"""
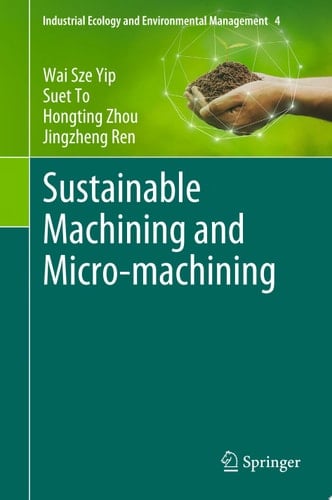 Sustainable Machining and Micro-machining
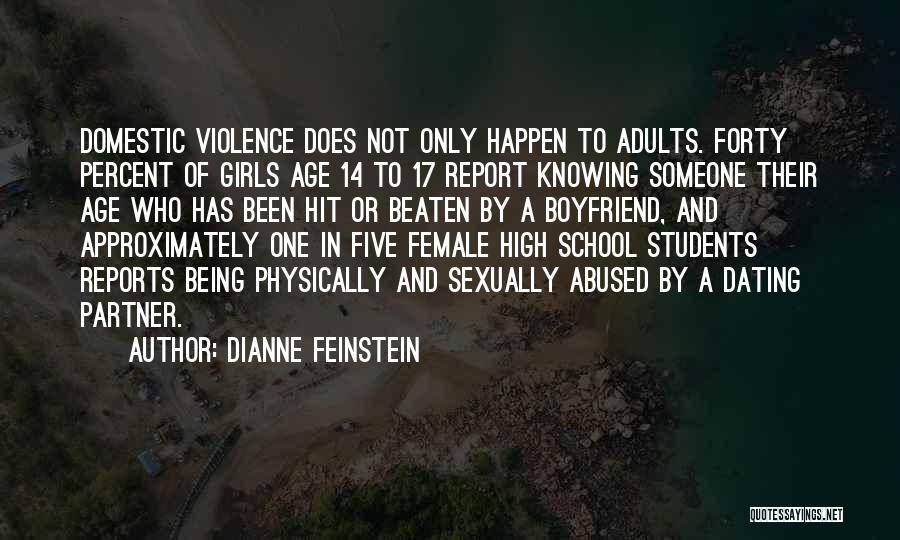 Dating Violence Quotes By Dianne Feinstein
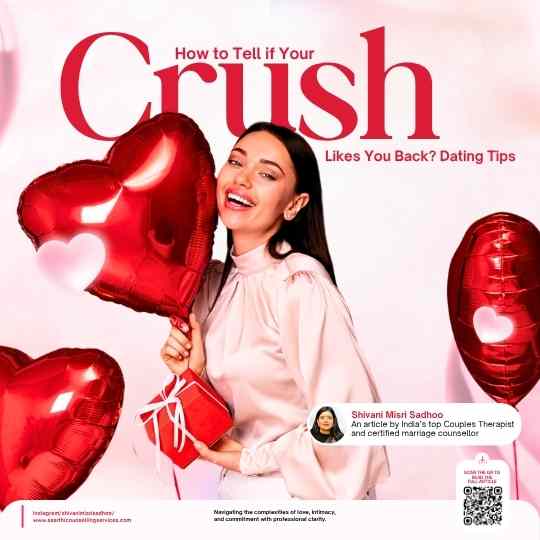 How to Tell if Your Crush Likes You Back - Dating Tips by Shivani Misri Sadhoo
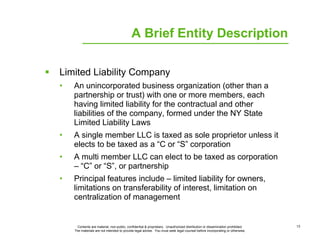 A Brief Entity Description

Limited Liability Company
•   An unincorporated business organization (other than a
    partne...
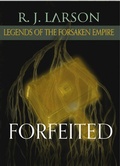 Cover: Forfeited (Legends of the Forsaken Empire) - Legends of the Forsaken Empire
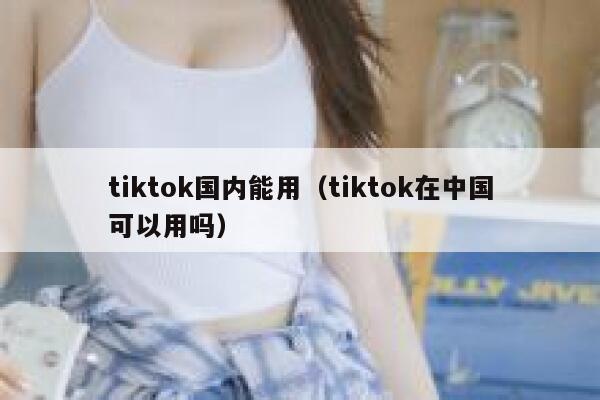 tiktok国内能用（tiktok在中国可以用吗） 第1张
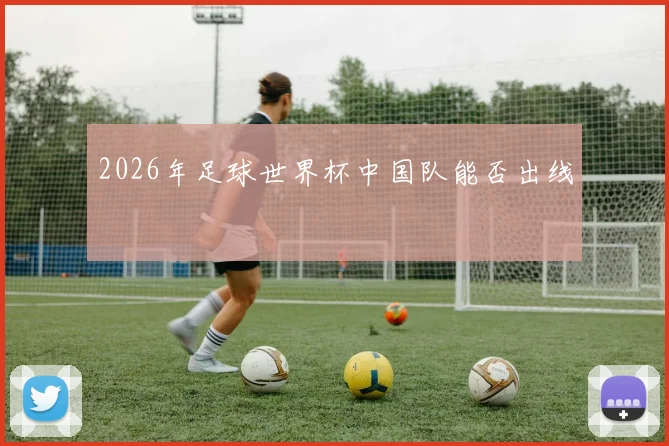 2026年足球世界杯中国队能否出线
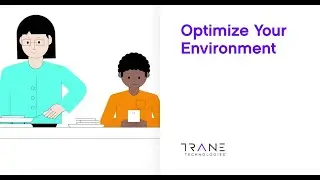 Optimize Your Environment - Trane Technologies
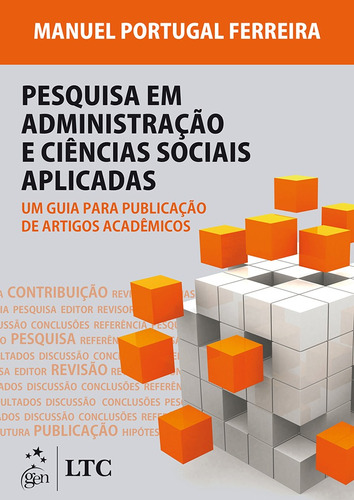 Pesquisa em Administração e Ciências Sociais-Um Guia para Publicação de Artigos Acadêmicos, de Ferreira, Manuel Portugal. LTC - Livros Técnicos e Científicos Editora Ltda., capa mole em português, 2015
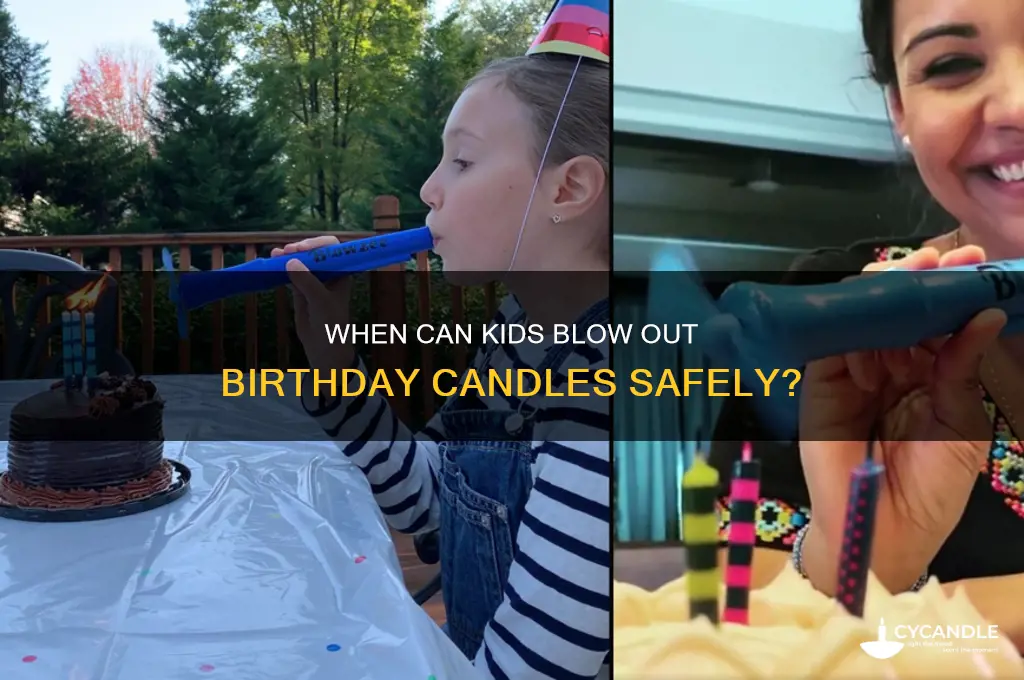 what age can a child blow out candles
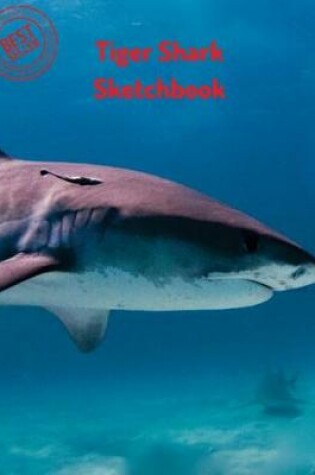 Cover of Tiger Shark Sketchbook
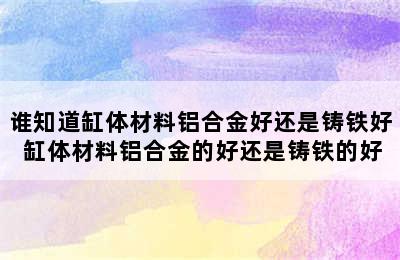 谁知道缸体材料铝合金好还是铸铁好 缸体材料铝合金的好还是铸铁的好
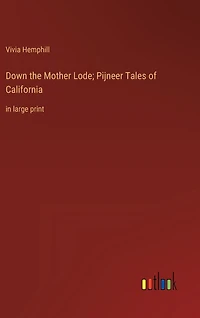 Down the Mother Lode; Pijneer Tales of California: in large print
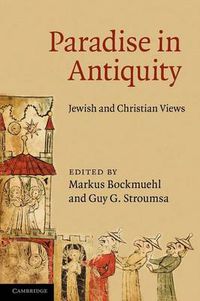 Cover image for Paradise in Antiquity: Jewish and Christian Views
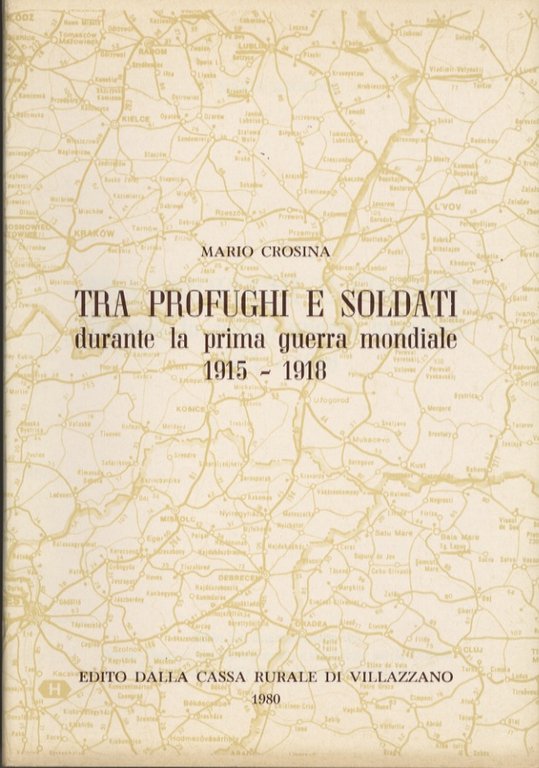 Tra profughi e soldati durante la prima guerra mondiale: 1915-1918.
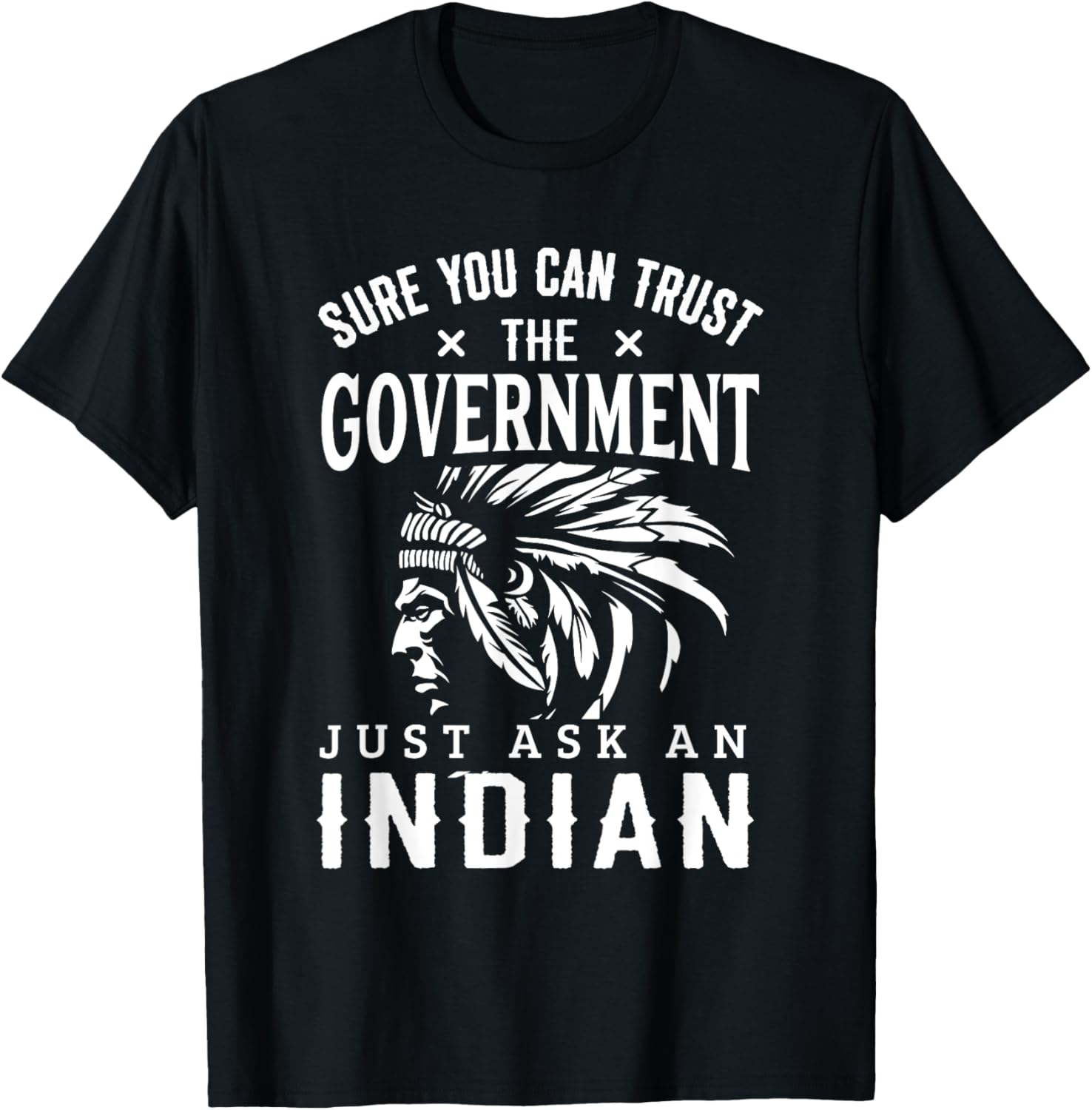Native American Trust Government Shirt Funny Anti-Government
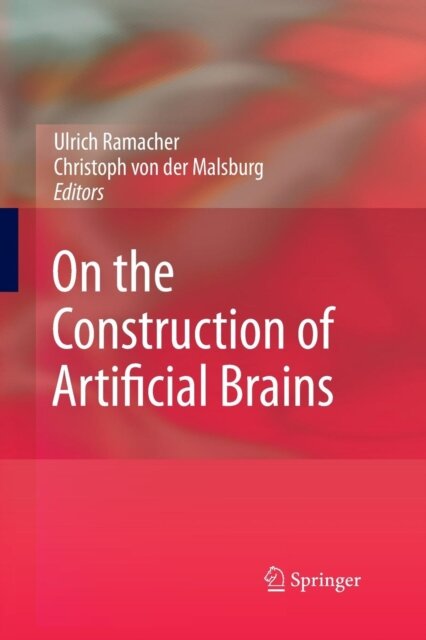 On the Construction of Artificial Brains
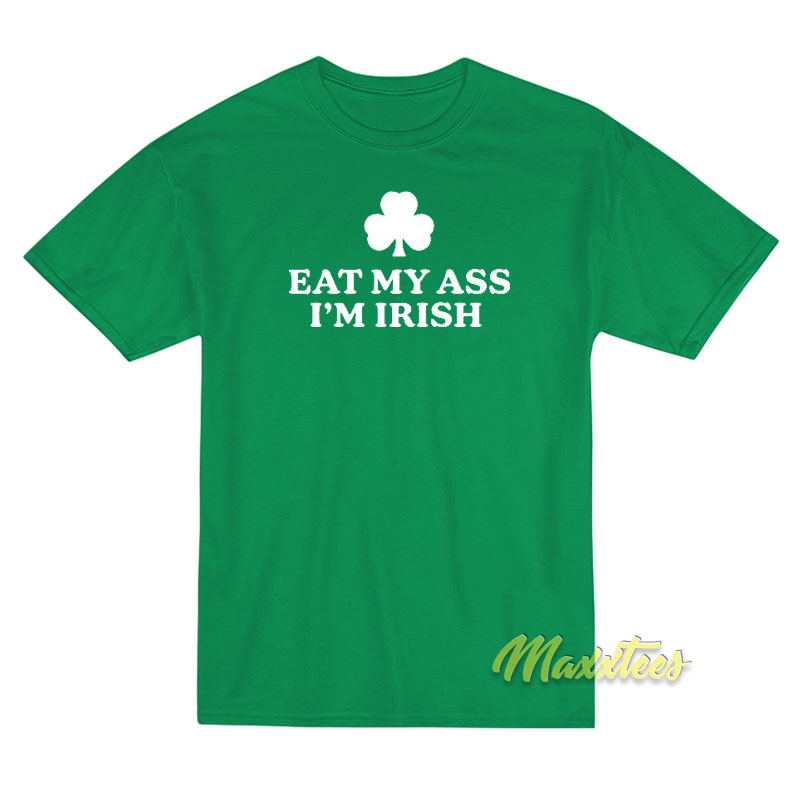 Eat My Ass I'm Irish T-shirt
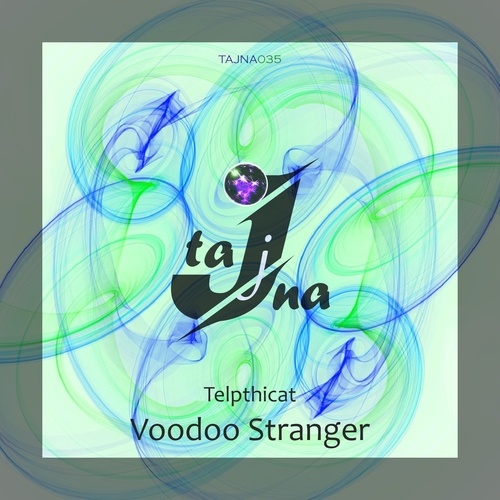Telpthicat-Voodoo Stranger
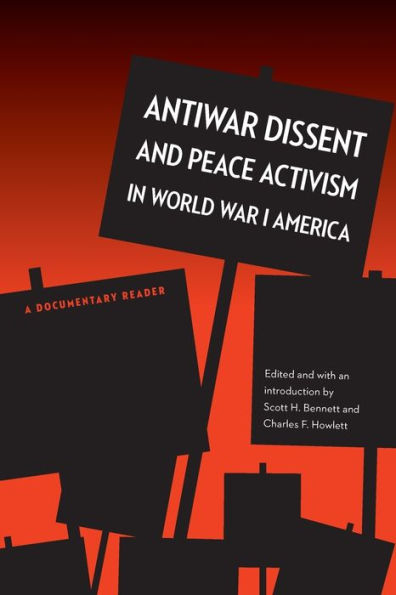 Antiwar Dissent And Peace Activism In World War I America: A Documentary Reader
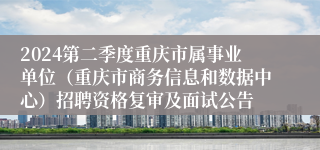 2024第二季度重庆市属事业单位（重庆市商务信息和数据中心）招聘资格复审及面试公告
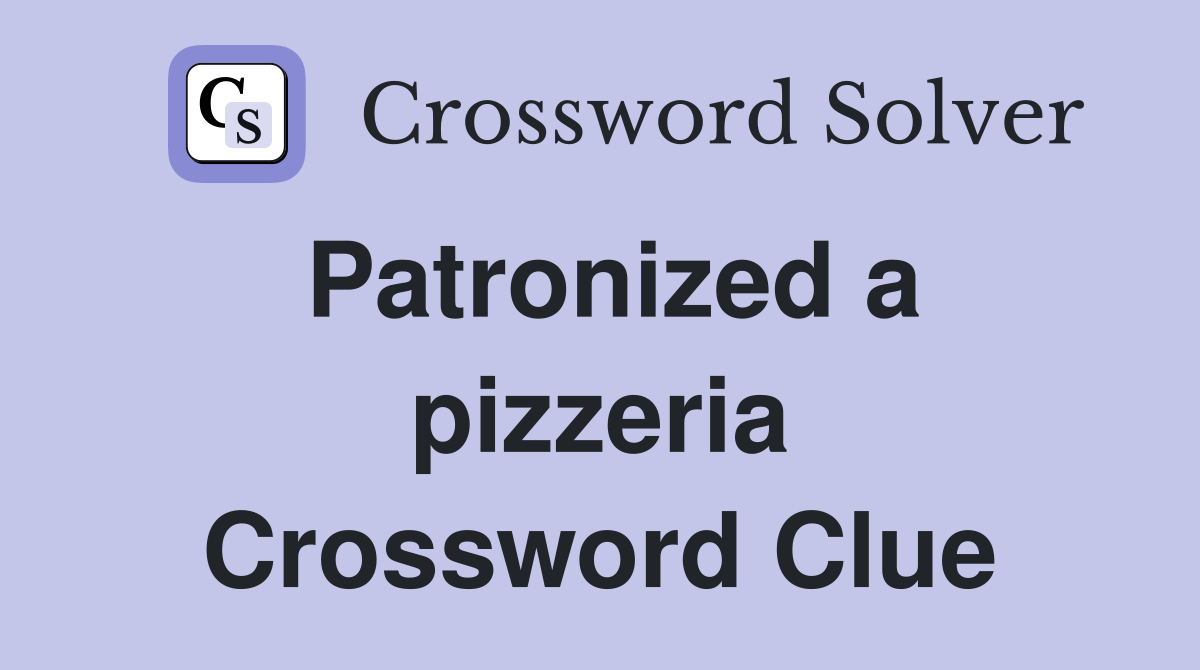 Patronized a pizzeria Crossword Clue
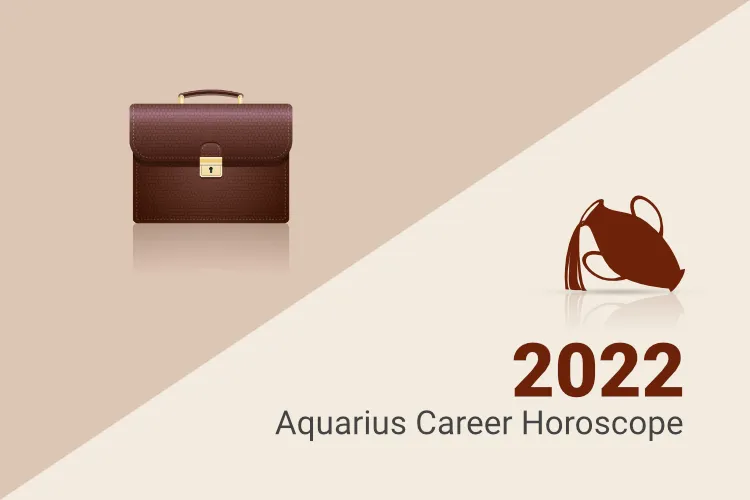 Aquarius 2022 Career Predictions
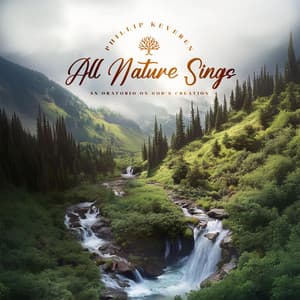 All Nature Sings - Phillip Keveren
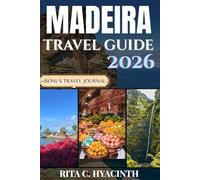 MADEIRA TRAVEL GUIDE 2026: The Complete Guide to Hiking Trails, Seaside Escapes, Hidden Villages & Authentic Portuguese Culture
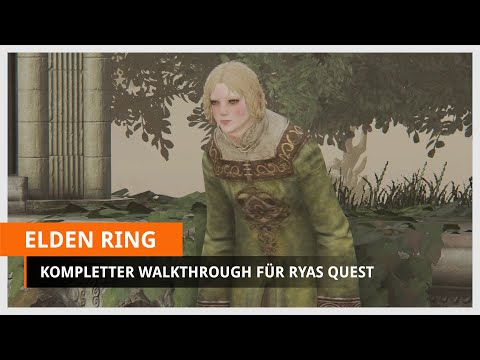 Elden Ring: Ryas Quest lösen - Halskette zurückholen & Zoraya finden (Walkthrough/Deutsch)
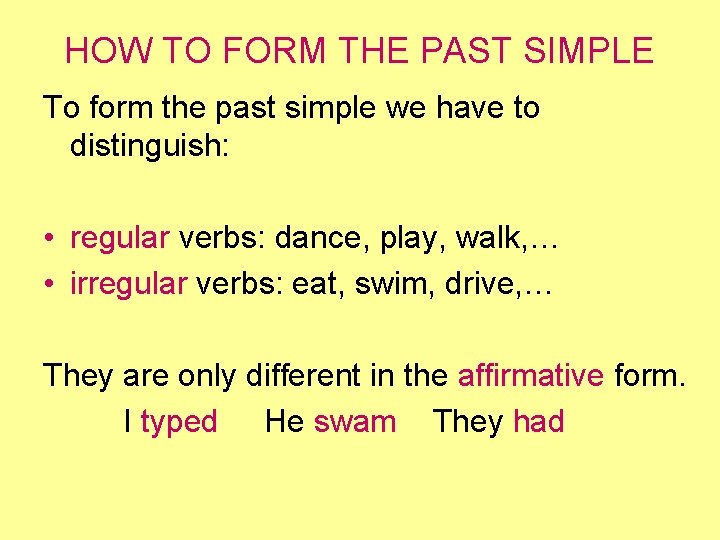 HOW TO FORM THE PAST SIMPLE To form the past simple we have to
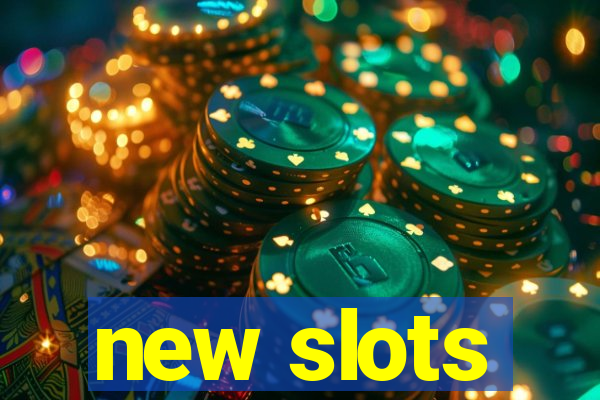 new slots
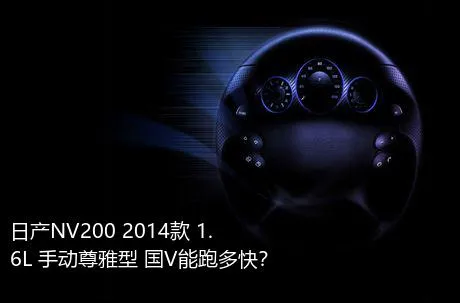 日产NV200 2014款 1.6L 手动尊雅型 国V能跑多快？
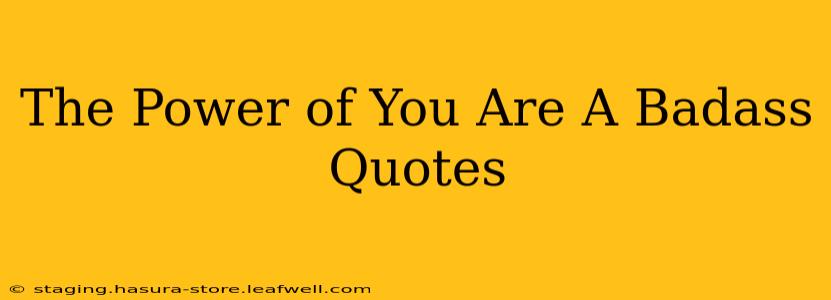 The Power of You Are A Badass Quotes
"""
**Assigned task:** Range to copy from the listing above: the line with "Cover: Forfeited (Legends" through the line with "Optimize Your Environment". Transcribe it exactly and skip the pictures.

**Answer section:**
 Cover: Forfeited (Legends of the Forsaken Empire) - Legends of the Forsaken Empire
 tiktok国内能用（tiktok在中国可以用吗） 第1张
 2026年足球世界杯中国队能否出线
 Optimize Your Environment - Trane Technologies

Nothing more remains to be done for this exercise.